[YOUR OBJECTIVE] Give back the exact lines of the material below from the one containing "Rolamento 22213K Cônico" through the one containing "No llores más", and no pictures.

[SUPPLIED ENTRIES]
***

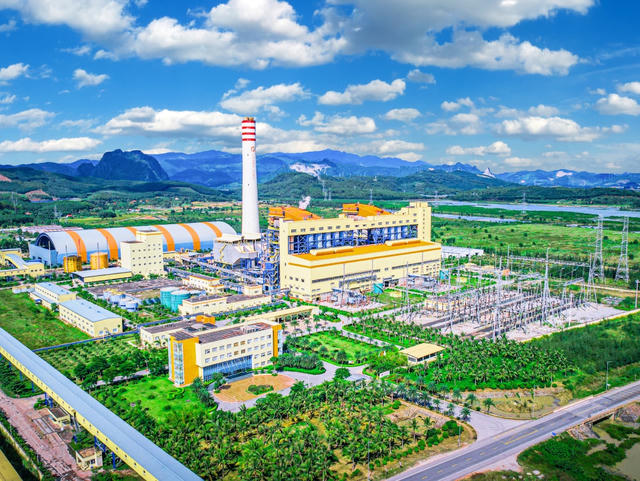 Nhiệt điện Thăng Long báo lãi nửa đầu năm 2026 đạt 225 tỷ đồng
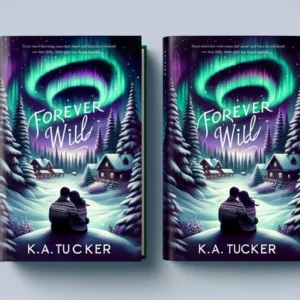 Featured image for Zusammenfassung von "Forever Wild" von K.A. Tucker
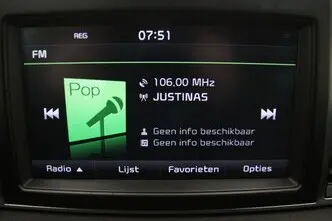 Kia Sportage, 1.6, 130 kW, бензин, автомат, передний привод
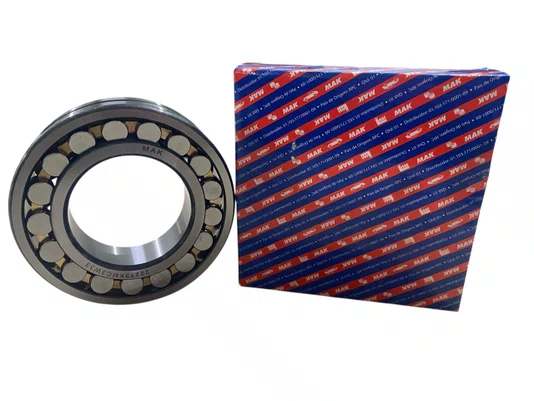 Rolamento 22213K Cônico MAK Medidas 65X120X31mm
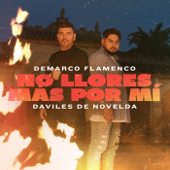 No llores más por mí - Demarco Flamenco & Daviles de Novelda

***

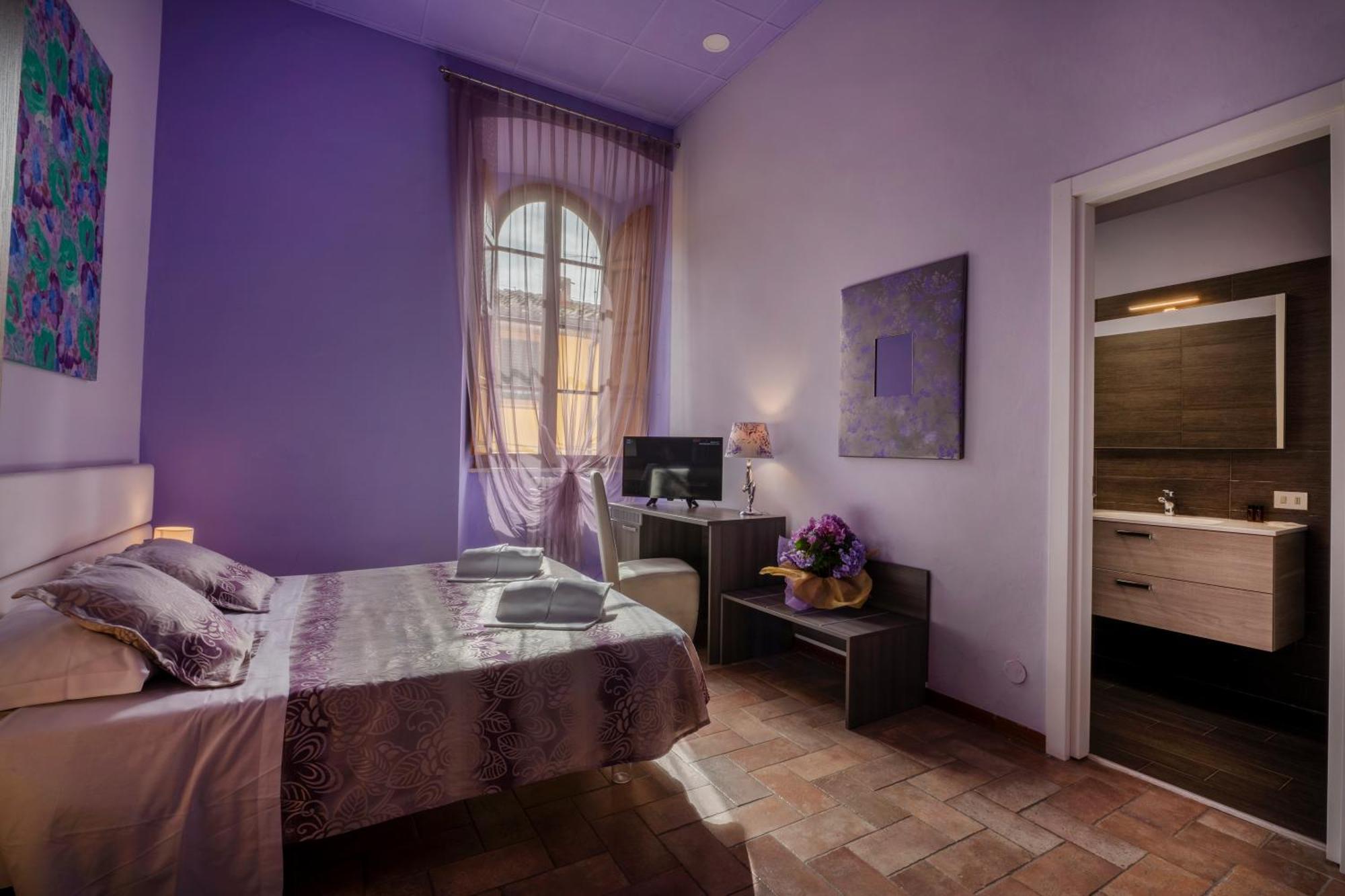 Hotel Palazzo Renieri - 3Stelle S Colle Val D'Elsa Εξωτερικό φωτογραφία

***

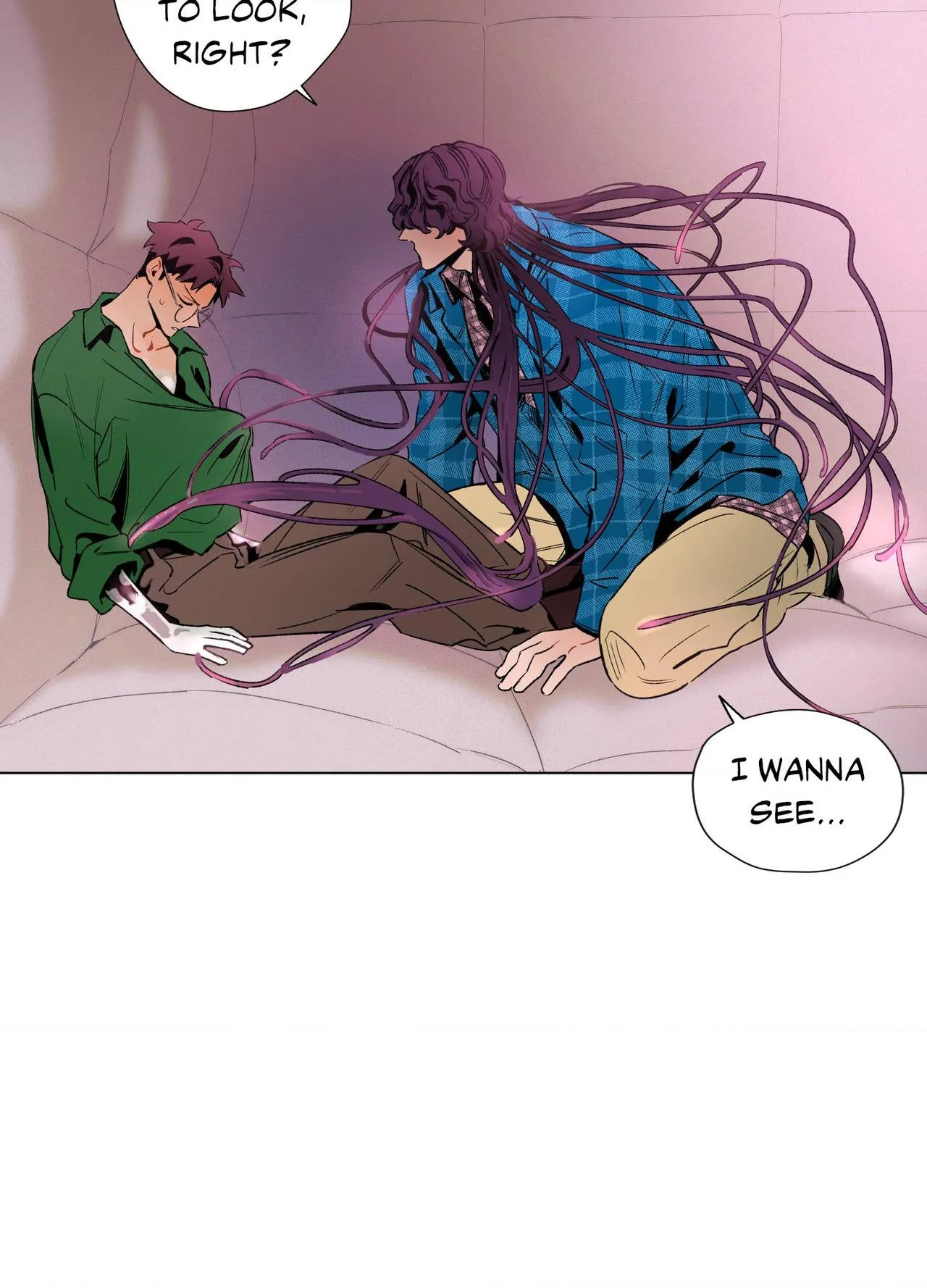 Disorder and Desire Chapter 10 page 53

***

[ANSWER BELOW]
 Rolamento 22213K Cônico MAK Medidas 65X120X31mm
 No llores más por mí - Demarco Flamenco & Daviles de Novelda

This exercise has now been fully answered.